The University of Palencia was the first university of Spain. It was founded by Alfonso VIII at the request of Bishop Tello Téllez de Meneses. It was the model upon which the University of Salamanca was patterned.

Study began to flourish in Palencia and men notable for their virtue and science came from its schools, among them Saint Julian of Cuenca, Saint Dominic, and Saint Peter González Telmo; hence the adage: "En Palencia armas y ciencia" (In Palencia arms and science).

The university was founded about 1212, shortly after the aforesaid victory at "Las Navas de Tolosa" (others say in 1208), and the king summoned from France and Italy noted teachers of various arts and sciences, retaining them in Palencia on large salaries.

Saint Dominic, the founder of the Dominican Order, regarded Palencia as his alma mater, having been mentored there by Don Diego d'Azevedo (Diego de Acebo) [Didacus d'Azebes].

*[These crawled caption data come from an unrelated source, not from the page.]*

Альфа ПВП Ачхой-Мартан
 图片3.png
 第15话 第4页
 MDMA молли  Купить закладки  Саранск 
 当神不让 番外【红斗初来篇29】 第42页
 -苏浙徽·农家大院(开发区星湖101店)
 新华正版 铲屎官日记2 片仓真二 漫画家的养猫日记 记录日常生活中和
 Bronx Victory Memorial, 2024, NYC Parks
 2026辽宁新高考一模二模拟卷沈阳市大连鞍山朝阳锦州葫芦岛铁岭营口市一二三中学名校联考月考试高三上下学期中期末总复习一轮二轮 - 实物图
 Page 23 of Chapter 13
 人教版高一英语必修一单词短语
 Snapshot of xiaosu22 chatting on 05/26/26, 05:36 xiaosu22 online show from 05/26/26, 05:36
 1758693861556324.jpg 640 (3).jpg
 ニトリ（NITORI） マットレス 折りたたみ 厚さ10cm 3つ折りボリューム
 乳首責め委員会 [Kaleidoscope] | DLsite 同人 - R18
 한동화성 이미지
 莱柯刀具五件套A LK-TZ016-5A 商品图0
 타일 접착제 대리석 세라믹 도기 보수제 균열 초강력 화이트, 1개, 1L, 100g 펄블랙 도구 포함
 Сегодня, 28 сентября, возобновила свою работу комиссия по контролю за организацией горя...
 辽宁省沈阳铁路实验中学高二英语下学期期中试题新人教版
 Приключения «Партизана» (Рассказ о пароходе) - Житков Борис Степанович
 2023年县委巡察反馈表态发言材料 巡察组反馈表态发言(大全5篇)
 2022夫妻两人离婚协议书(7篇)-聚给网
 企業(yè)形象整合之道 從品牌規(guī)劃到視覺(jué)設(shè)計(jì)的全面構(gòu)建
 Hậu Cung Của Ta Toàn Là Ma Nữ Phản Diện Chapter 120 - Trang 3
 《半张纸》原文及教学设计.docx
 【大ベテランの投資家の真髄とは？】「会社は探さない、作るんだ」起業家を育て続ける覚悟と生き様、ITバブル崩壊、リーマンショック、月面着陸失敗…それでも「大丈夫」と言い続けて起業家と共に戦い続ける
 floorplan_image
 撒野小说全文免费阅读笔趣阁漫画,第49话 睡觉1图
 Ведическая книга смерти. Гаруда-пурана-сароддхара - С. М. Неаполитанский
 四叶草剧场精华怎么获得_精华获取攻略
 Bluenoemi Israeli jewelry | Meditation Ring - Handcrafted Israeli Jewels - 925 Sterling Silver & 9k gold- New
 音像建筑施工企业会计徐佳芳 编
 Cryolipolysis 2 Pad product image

The death of the founder in 1214, the minority of Henry I, and the growth of its fortunate rival, Salamanca, caused the decay of Palencia, many of whose professors and students went to Salamanca, whence the erroneous belief of a transfer of the university to the latter place.

In 1243 Archbishop Rodrigo records that in spite of unpropitious events, study continued in Palencia and that the cardinal legate, Juan de Abbeville, in a Council of Valladolid (1228) had endeavoured to revive it. Bishop Fernando obtained from Urban IV (14 May 1263) a Bull granting to the professors and students of Palencia all the privileges of the University of Paris.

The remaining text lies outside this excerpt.